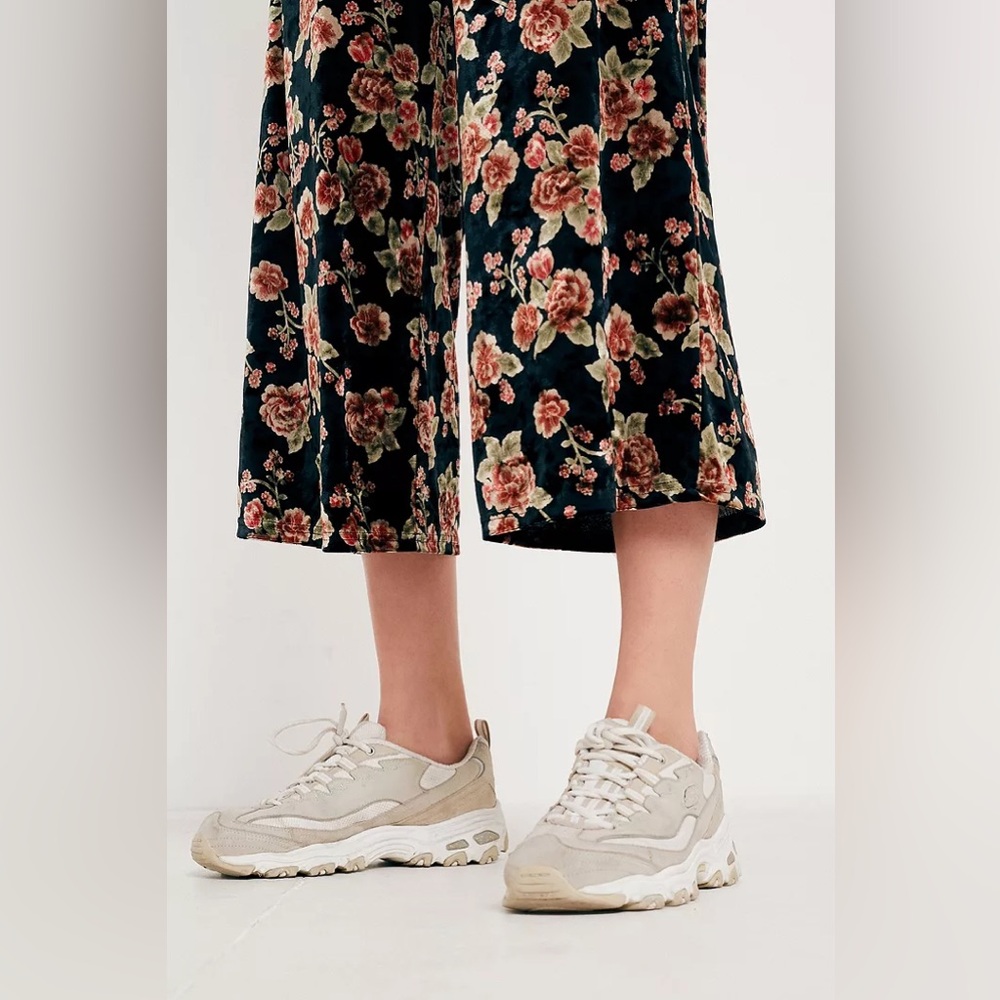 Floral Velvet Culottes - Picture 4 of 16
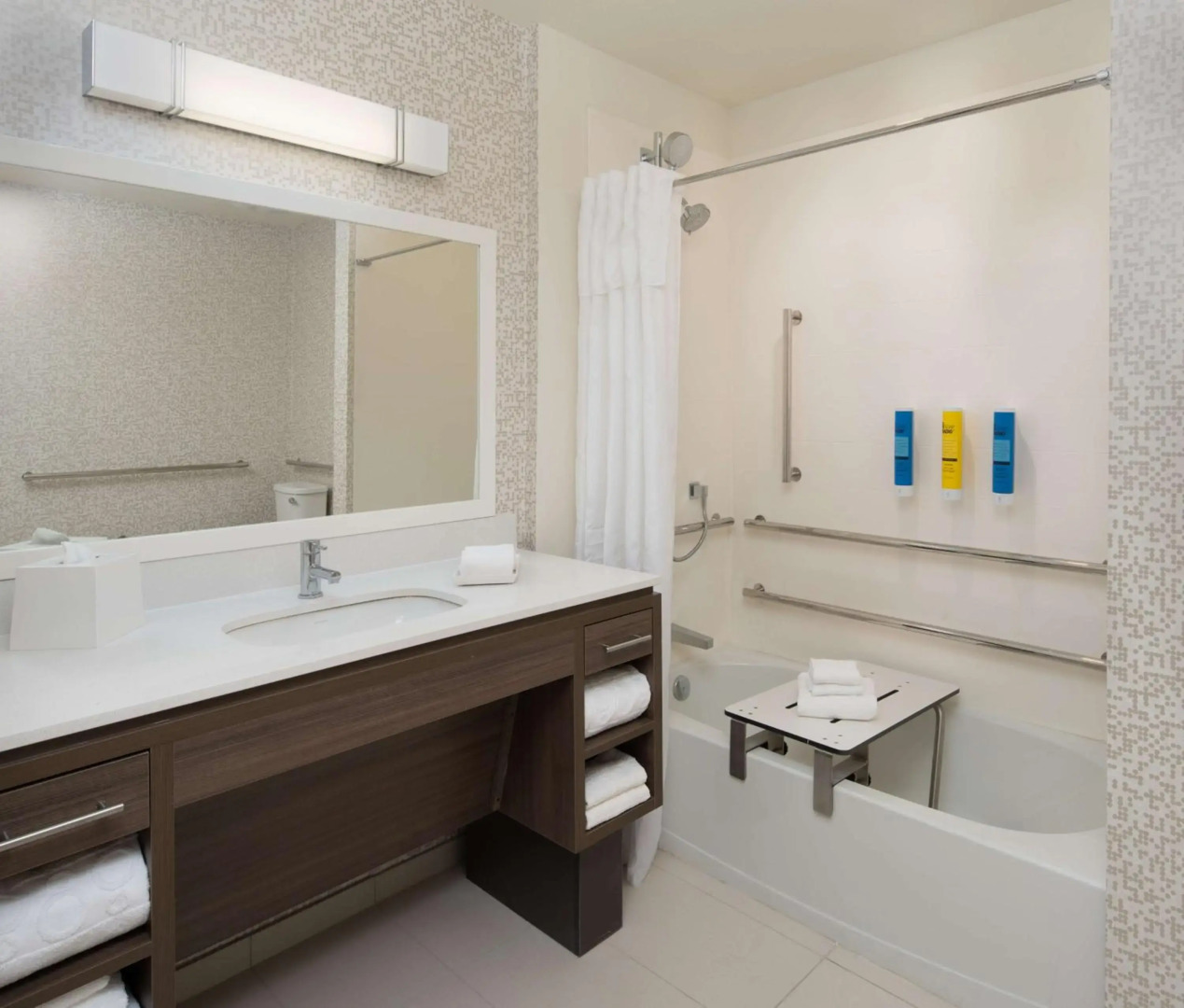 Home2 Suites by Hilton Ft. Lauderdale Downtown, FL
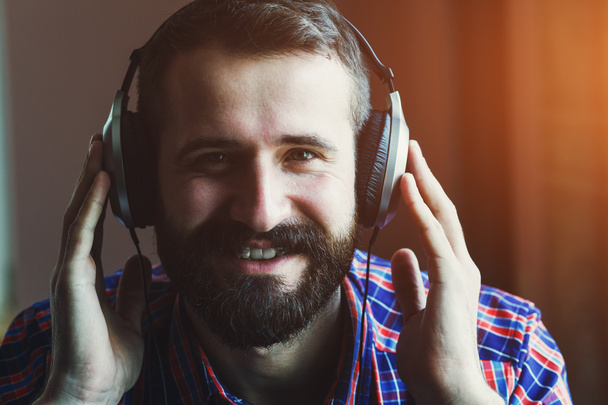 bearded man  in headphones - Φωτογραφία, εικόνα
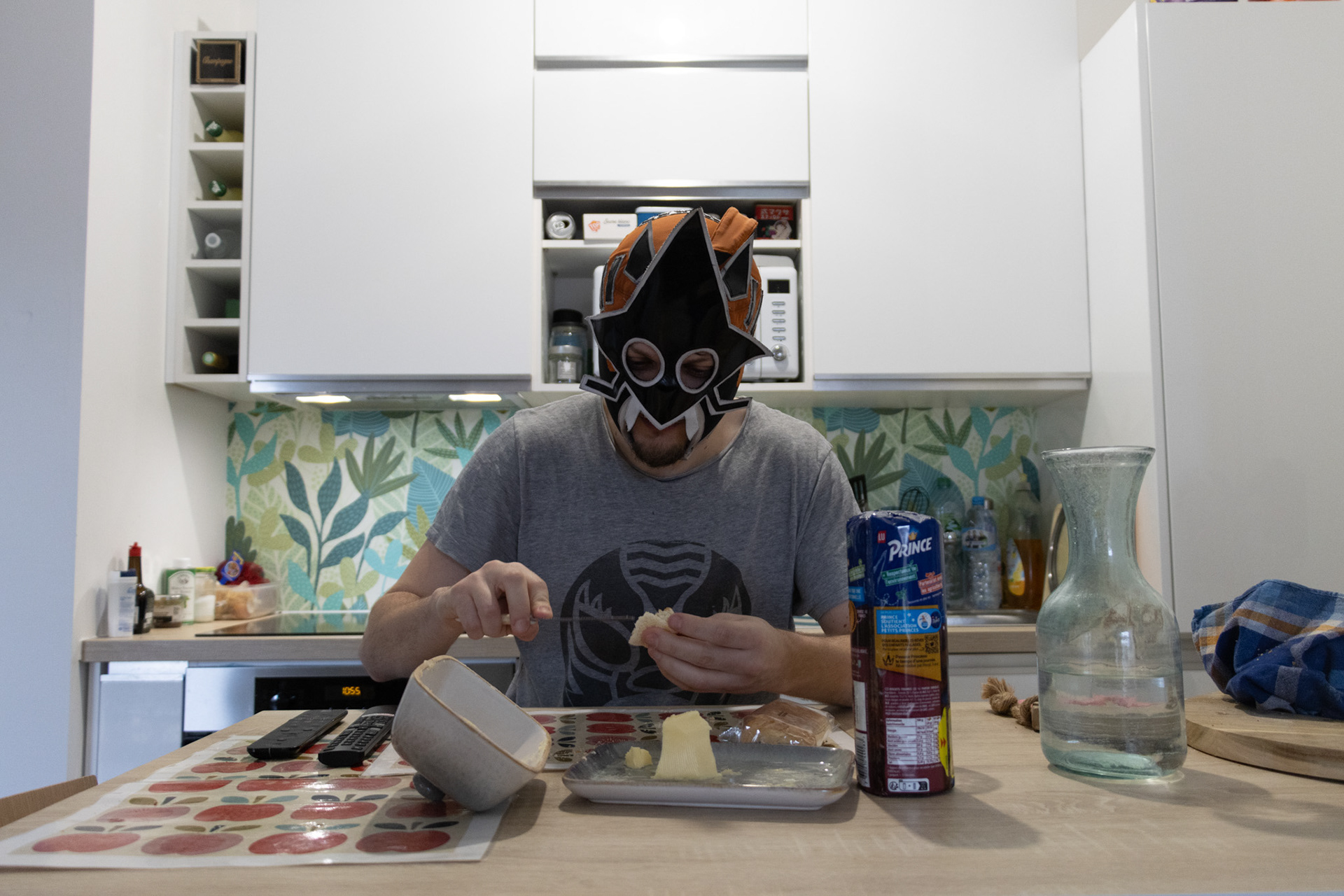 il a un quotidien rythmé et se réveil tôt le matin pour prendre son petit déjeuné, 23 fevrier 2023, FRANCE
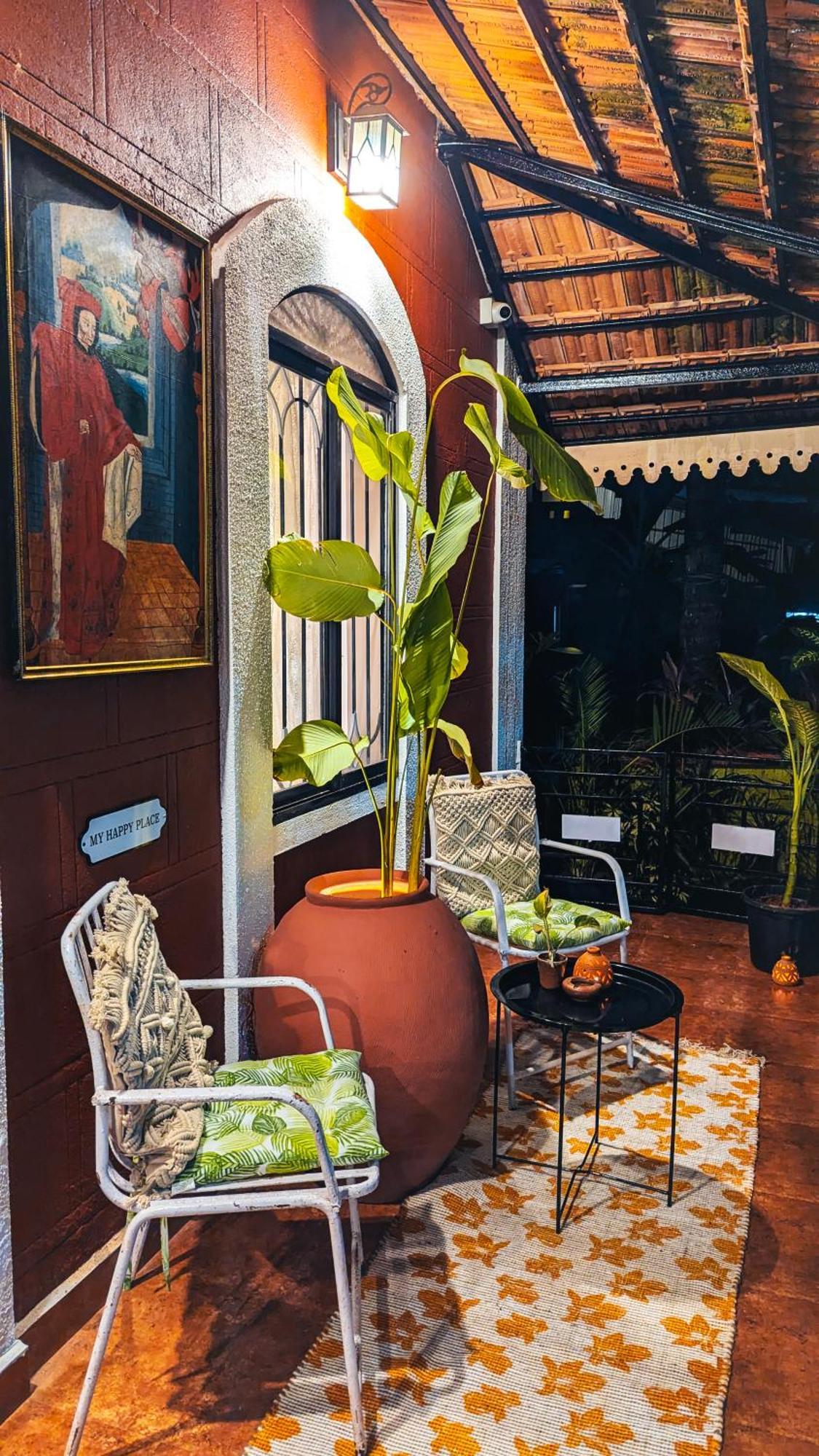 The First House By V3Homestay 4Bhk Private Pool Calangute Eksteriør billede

■ ■ ■

→ **Work request**
Having located the line with "- Φωτογραφία, εικόνα", copy it exactly along with every later line through the end of the listing above, but omit the pictures.

→ **Answer to this problem**
 bearded man  in headphones - Φωτογραφία, εικόνα
 il a un quotidien rythmé et se réveil tôt le matin pour prendre son petit déjeuné, 23 fevrier 2023, FRANCE
 The First House By V3Homestay 4Bhk Private Pool Calangute Eksteriør billede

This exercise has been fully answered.